The 3D coordinate output is certainly an advantage for MediaPipe, as it is able to provide some sense of depth, even if you don't have multiple camera angles or an actual depth image (e.g, as recorded by infrared sensors). The authors of MediaPipe achieve this by training their detector model on a synthetic dataset where they could vary the pose and orientation of the hand in many ways, but always have ground-truth 3D coordinates. As they state in the Zhang et al., 2020 paper: "Synthetic dataset: To even better cover the possible hand poses and provide additional supervision for depth, we render a high-quality synthetic hand model over various backgrounds and map it to the corresponding 3D coordinates. We use a commercial 3D hand model that is rigged with 24 bones and includes 36 blendshapes, which control fingers and palm thickness. The model also provides 5 textures with different skin tones. We created video sequences of transformation between hand poses and sampled 100K images from the videos." Zhang et al., 2020
It is important to note that the depth provided in this output, however, Mediapipe does allow for estimating positions in meters (see https://google.github.io/mediapipe/solutions/hands.html to see which function you need to use for this). In the current example case, a point with x,y coordinates = 0.5, 0.5 would be in the center of the image, while x,y = 0.25, 0.75 would indicate that the point is 1/4 of the way from left to right, and 3/4 of the way from top to bottom (x,y = 0,0 is the top left corner). For depth, it is relative to the wrist. In other words, the wrist is taken as the origin (0 depth), and smaller values are estimated to be closer to the camera, and larger values further away.
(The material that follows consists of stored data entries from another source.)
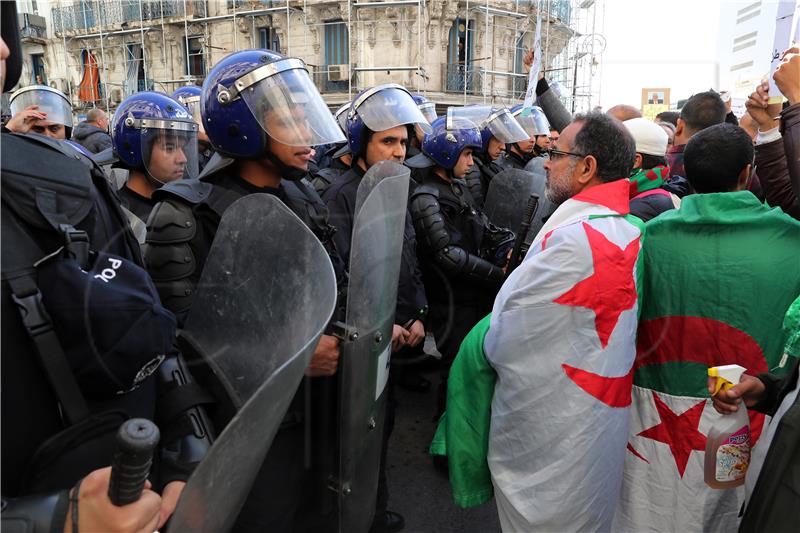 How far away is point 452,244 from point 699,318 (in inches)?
70.4

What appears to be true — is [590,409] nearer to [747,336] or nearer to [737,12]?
[747,336]

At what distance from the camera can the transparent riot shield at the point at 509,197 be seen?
424 centimetres

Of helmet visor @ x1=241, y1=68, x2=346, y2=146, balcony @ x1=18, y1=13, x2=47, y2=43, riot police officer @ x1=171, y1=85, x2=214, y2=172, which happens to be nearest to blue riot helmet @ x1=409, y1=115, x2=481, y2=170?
helmet visor @ x1=241, y1=68, x2=346, y2=146

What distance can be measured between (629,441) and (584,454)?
14.6 inches

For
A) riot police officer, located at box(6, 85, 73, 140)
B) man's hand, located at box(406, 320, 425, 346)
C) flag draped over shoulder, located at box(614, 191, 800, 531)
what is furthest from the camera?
riot police officer, located at box(6, 85, 73, 140)

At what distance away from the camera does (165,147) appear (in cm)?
299

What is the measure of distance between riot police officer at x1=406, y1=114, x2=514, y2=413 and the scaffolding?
15768 mm

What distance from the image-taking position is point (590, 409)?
5.52 ft

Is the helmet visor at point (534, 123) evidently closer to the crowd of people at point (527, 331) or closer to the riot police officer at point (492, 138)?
the riot police officer at point (492, 138)

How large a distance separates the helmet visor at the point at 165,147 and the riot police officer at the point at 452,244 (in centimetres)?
139

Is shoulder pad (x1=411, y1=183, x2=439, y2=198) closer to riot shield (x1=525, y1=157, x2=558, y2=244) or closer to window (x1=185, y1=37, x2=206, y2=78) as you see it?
riot shield (x1=525, y1=157, x2=558, y2=244)

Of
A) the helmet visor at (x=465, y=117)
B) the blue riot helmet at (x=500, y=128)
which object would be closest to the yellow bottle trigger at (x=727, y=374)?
the helmet visor at (x=465, y=117)

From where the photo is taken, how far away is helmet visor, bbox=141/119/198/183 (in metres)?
2.91

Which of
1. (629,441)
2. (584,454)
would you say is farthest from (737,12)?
(584,454) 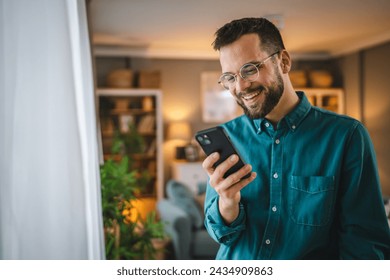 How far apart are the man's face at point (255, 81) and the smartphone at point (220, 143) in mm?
87

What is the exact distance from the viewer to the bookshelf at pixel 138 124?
389 centimetres

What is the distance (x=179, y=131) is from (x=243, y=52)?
10.6 feet

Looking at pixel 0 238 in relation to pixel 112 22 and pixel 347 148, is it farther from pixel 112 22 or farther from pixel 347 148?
pixel 112 22

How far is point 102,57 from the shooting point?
13.5 feet

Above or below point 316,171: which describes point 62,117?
above

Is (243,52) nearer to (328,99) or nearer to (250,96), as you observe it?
(250,96)

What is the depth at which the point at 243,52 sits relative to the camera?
2.74ft

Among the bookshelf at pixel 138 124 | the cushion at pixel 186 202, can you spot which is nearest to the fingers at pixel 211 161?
the cushion at pixel 186 202

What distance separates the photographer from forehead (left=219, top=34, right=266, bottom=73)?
2.73 feet

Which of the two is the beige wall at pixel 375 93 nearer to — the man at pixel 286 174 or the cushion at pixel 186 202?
the man at pixel 286 174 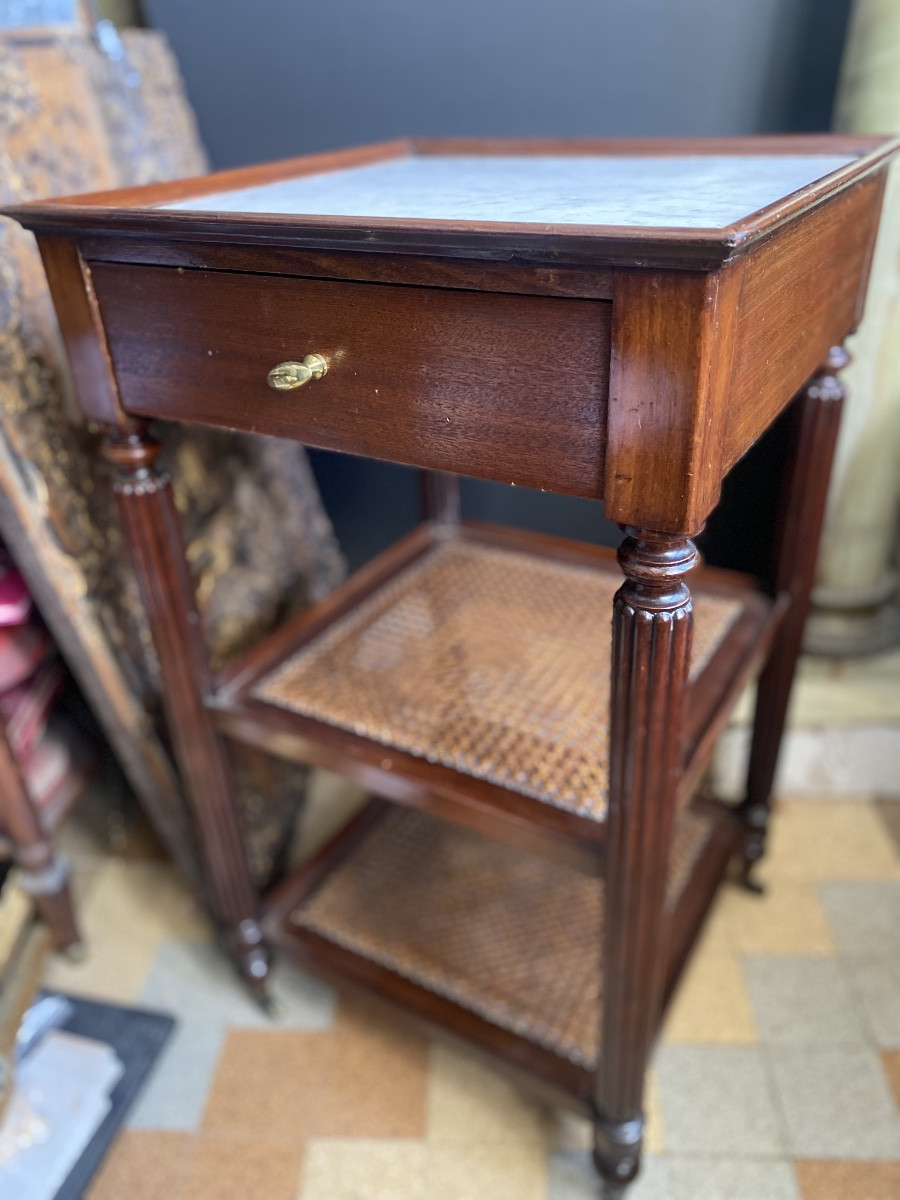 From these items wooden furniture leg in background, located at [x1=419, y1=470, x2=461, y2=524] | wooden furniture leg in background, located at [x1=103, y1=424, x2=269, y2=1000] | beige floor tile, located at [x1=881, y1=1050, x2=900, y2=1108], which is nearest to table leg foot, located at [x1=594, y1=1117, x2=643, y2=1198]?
beige floor tile, located at [x1=881, y1=1050, x2=900, y2=1108]

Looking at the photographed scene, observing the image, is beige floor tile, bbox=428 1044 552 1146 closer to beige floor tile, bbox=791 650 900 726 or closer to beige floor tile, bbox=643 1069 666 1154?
beige floor tile, bbox=643 1069 666 1154

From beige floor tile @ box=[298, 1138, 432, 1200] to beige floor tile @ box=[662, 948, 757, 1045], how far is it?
0.32 metres

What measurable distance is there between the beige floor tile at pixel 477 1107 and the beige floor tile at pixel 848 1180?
0.26 m

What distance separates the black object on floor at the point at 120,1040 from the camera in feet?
3.25

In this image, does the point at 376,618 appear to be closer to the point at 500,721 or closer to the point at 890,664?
the point at 500,721

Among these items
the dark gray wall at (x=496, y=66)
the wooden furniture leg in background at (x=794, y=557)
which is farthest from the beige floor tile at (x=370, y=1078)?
the dark gray wall at (x=496, y=66)

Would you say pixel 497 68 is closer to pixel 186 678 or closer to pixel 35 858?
pixel 186 678

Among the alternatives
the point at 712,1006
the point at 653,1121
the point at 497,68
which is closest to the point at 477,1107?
the point at 653,1121

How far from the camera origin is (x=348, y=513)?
1.44 metres

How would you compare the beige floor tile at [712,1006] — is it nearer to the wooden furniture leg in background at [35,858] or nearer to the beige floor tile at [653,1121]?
the beige floor tile at [653,1121]

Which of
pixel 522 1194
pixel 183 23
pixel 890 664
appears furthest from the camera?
pixel 890 664

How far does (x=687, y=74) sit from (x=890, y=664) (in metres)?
0.85

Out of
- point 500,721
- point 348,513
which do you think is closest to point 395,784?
point 500,721

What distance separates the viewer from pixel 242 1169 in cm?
98
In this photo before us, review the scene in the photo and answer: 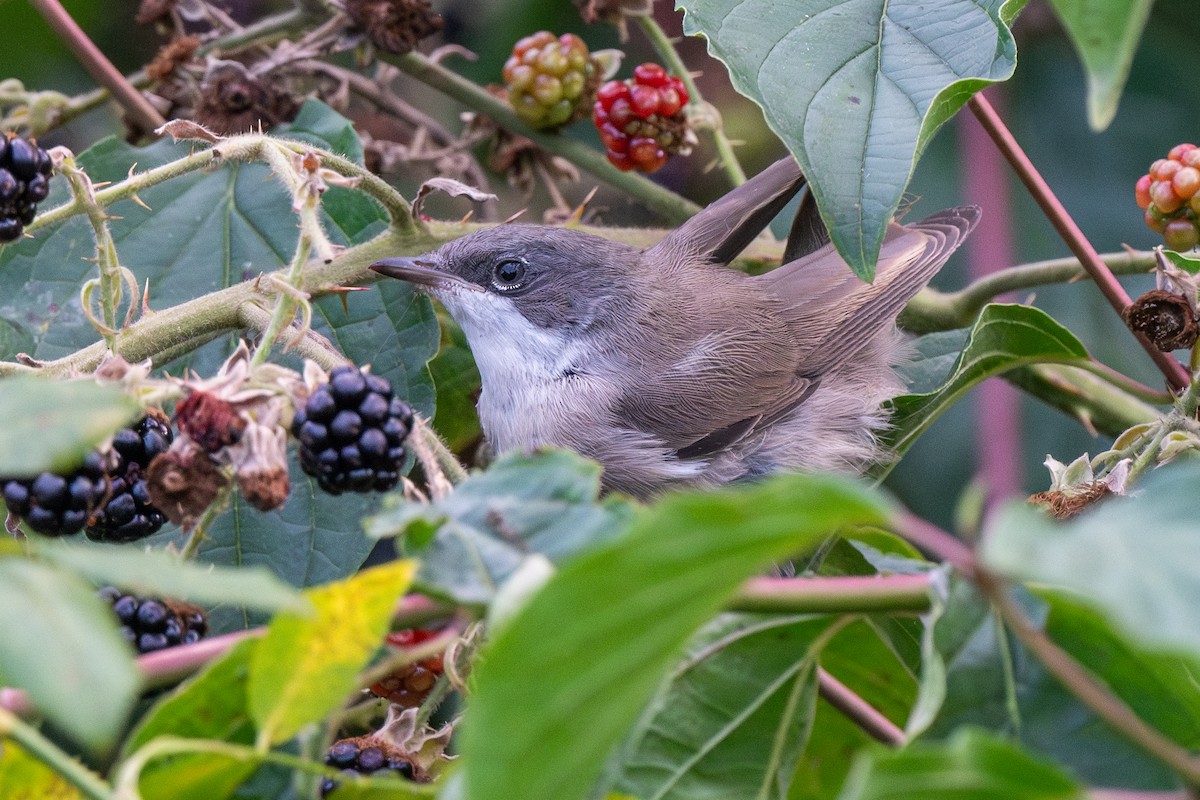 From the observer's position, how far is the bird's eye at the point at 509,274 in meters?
3.15

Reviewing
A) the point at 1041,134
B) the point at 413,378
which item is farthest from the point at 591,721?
the point at 1041,134

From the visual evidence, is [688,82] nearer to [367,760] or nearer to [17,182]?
[17,182]

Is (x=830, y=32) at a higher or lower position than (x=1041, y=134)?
higher

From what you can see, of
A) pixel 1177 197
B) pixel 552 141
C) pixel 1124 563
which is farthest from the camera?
pixel 552 141

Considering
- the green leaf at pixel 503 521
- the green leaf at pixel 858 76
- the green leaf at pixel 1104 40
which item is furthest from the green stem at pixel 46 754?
the green leaf at pixel 858 76

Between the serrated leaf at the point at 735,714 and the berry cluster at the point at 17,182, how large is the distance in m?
1.19

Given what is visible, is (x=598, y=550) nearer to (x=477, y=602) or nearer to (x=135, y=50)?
(x=477, y=602)

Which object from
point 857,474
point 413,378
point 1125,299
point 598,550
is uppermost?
point 598,550

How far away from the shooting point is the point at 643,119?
2.91 m

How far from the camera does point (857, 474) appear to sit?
2943mm

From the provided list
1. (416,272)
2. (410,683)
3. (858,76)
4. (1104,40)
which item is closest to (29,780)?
(410,683)

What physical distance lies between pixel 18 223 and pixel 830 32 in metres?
1.38

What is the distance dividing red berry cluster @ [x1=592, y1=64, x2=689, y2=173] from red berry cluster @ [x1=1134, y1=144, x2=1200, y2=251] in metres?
1.10

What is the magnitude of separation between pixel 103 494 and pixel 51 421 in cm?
51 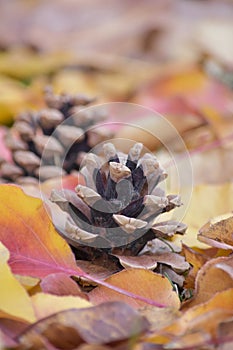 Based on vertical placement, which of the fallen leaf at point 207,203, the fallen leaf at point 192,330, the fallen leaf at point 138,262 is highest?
the fallen leaf at point 207,203

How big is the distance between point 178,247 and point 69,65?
2.10ft

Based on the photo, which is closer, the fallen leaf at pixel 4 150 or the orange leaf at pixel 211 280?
the orange leaf at pixel 211 280

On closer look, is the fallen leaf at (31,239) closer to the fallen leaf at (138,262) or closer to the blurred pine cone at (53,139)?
the fallen leaf at (138,262)

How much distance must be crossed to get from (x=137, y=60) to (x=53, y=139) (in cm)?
58

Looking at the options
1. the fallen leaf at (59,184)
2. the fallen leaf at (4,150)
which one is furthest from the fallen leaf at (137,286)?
the fallen leaf at (4,150)

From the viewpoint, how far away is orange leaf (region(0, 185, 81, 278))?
0.37 m

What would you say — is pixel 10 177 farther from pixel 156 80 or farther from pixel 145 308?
pixel 156 80

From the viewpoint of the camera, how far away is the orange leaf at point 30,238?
1.22ft

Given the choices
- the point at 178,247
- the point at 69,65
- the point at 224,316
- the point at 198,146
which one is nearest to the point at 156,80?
the point at 69,65

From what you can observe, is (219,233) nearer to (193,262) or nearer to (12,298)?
(193,262)

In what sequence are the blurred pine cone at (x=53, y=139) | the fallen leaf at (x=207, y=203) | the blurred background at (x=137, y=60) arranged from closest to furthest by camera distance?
the fallen leaf at (x=207, y=203), the blurred pine cone at (x=53, y=139), the blurred background at (x=137, y=60)

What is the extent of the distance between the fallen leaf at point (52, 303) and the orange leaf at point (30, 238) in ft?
0.12

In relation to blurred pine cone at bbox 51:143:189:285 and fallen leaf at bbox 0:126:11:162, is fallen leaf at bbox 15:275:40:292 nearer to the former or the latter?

This relative scaling makes it difficult to compare across videos with different camera set-ups, but is quite intuitive when looking at the coordinates compared to the actual video.


However, especially for multi-party data we don't know if the first row in frame 1 is the same hand as the first row in frame 2. Thus, we don't know if a left and right hand belong together as there are multiple persons! We'll cover a potential solution to this in the module on linking and pairing hands. This is easier when there is just one person, as mediapipe does differientate between left and right hand.